> _Provided entries_:
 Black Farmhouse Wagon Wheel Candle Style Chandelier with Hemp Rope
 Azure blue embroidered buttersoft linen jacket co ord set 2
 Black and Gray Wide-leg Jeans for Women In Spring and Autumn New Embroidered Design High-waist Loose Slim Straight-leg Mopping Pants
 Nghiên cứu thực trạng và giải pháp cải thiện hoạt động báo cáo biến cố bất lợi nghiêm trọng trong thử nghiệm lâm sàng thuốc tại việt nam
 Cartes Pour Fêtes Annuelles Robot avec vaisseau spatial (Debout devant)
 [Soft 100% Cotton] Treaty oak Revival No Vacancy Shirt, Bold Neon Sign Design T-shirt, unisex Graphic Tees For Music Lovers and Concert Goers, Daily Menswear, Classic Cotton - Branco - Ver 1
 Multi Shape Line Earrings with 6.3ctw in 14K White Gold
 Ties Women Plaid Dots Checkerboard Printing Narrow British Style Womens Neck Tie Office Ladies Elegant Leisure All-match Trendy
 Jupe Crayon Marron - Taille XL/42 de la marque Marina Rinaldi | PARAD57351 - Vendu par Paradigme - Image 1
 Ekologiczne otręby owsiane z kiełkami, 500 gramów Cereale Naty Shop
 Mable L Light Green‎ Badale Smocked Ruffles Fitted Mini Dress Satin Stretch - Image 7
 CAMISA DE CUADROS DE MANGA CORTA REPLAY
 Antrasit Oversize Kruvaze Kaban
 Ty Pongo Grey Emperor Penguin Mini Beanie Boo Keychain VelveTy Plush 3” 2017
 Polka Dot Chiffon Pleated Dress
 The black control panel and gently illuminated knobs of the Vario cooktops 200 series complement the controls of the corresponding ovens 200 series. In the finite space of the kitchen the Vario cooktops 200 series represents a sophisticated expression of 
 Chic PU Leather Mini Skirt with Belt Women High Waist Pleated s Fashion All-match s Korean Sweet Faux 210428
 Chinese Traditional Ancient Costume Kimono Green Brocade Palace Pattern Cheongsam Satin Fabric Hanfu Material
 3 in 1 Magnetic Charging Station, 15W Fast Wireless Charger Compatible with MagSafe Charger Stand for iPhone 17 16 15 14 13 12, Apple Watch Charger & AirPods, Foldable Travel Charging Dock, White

> _What you have to do_: Only the number is needed: count the lines of the material that include "Design".

> _Problem solution_: 2